Materials provided:
####################

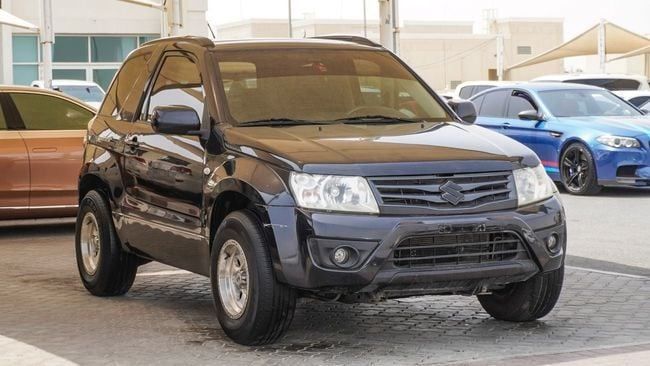Подержанный Suzuki Grand Vitara III Рестайлинг 2, 2.4 л, 2015 в Шардже от Abo Saif Черный цвет. GCC | AUTO.AE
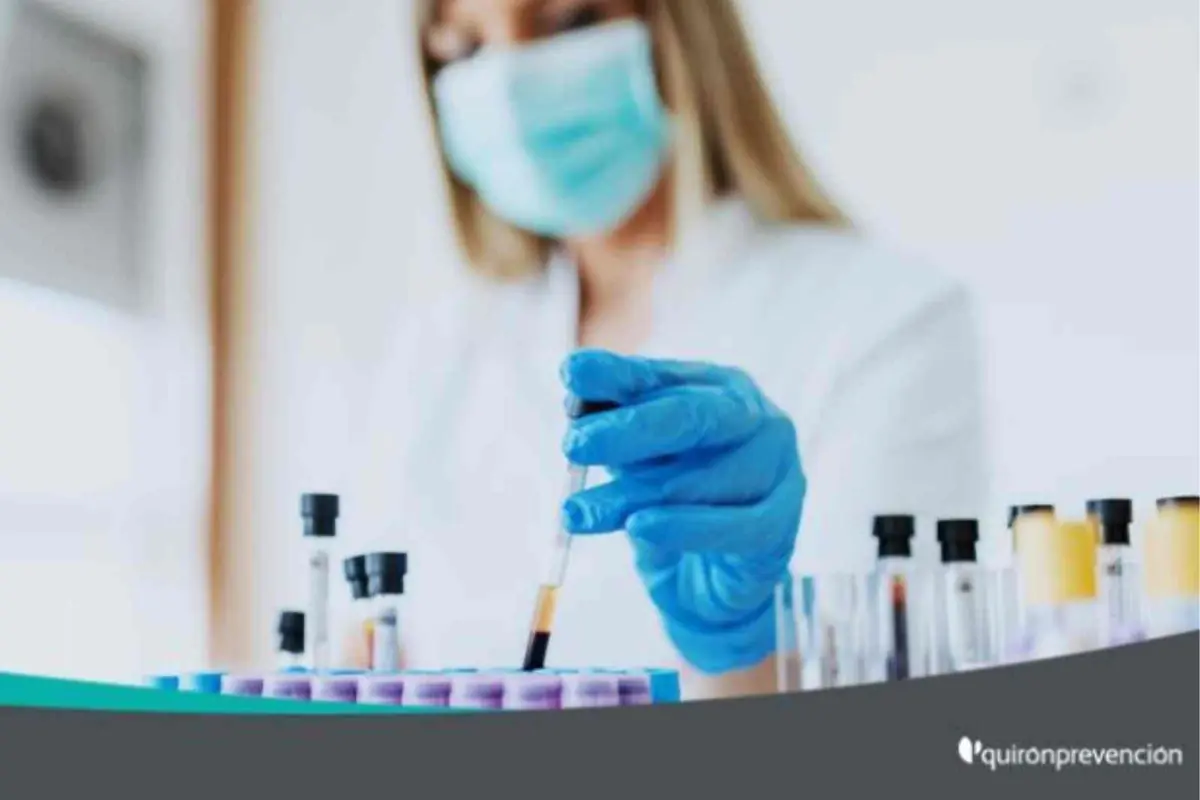 Profesional de laboratorio con mascarilla y guantes azules manipulando una muestra de sangre en tubos de ensayo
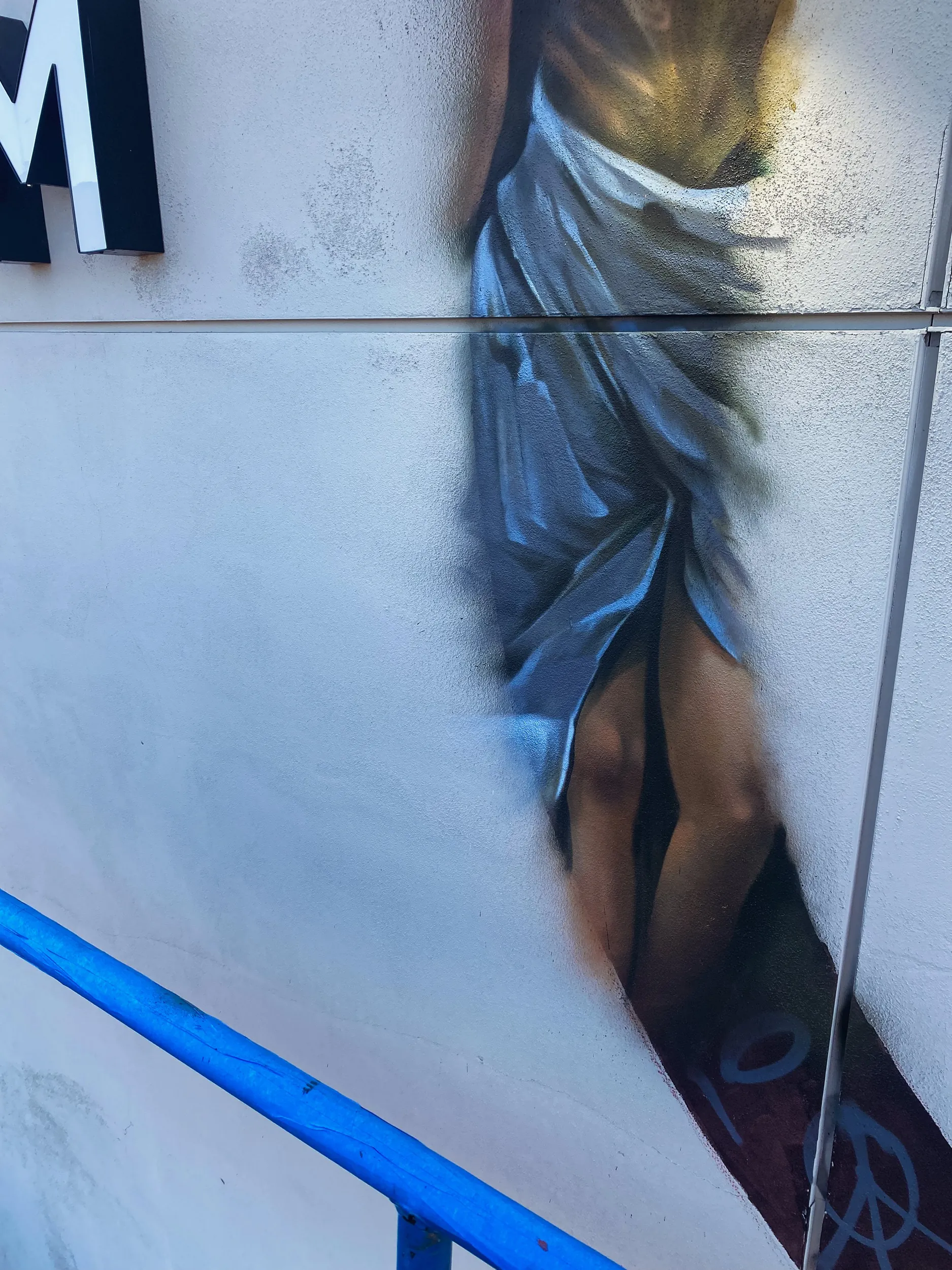 Detailed mural of a woman in a blue dress with an exposed leg, painted on a white wall.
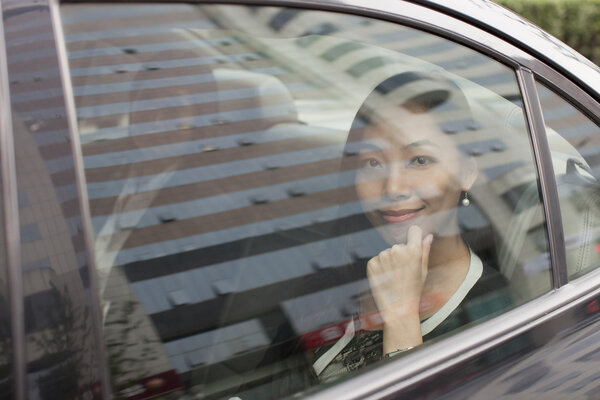 Businesswoman in Car Back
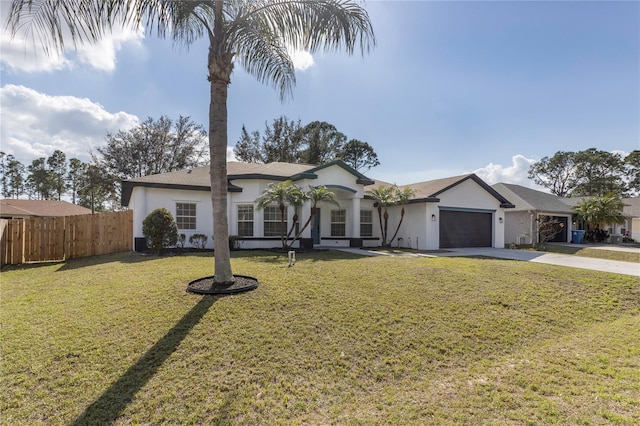 view of front of property featuring stucco siding, driveway, fence, a front yard, and a garage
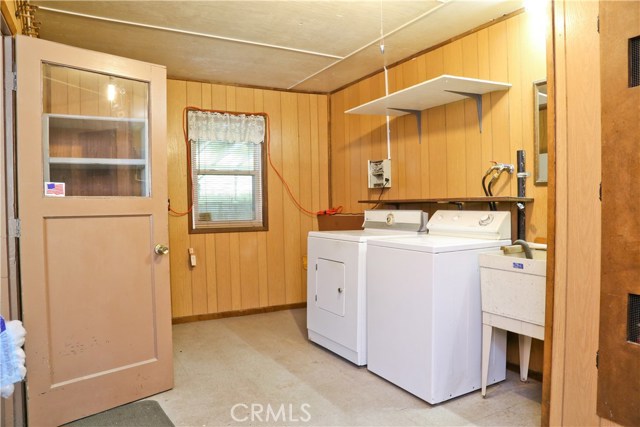 Large Utility Room opens to Workshop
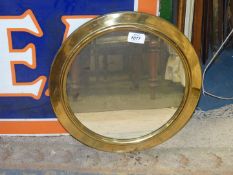 A circular brass framed wall mirror, 14 1/2'' diameter.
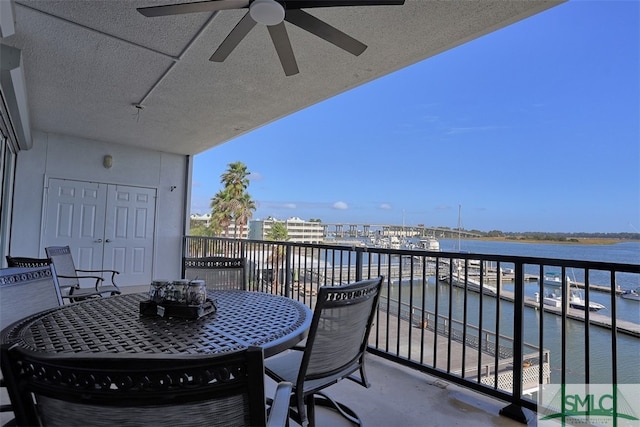 balcony with a water view and ceiling fan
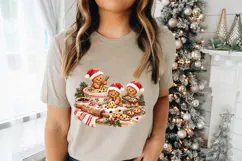 Hand-painted style Christmas PNG featuring gingerbread bakers, chocolate chip cookies, red-striped kitchen linens and evergreen accents in a playful seasonal baking scene.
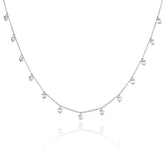 A delicate silver-toned necklace featuring a series of small, dangling heart-shaped clear gemstones along a fine chain, presented on a clean white background with a soft reflection below.
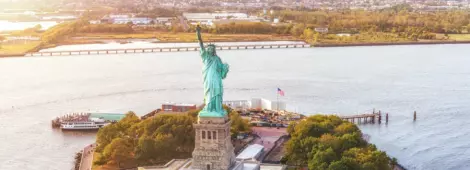 Aerial view of Statue of Liberty in Liberty Island and sunset. New York, USA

####################

Task objective: A verbatim copy of the data, with all pictures omitted, is the required output.

Result of this exercise:
Подержанный Suzuki Grand Vitara III Рестайлинг 2, 2.4 л, 2015 в Шардже от Abo Saif Черный цвет. GCC | AUTO.AE
 Profesional de laboratorio con mascarilla y guantes azules manipulando una muestra de sangre en tubos de ensayo
 Detailed mural of a woman in a blue dress with an exposed leg, painted on a white wall.
 Businesswoman in Car Back
 view of front of property featuring stucco siding, driveway, fence, a front yard, and a garage
 Large Utility Room opens to Workshop
 A circular brass framed wall mirror, 14 1/2'' diameter.
 balcony with a water view and ceiling fan
 Hand-painted style Christmas PNG featuring gingerbread bakers, chocolate chip cookies, red-striped kitchen linens and evergreen accents in a playful seasonal baking scene.
 A delicate silver-toned necklace featuring a series of small, dangling heart-shaped clear gemstones along a fine chain, presented on a clean white background with a soft reflection below.
 Aerial view of Statue of Liberty in Liberty Island and sunset. New York, USA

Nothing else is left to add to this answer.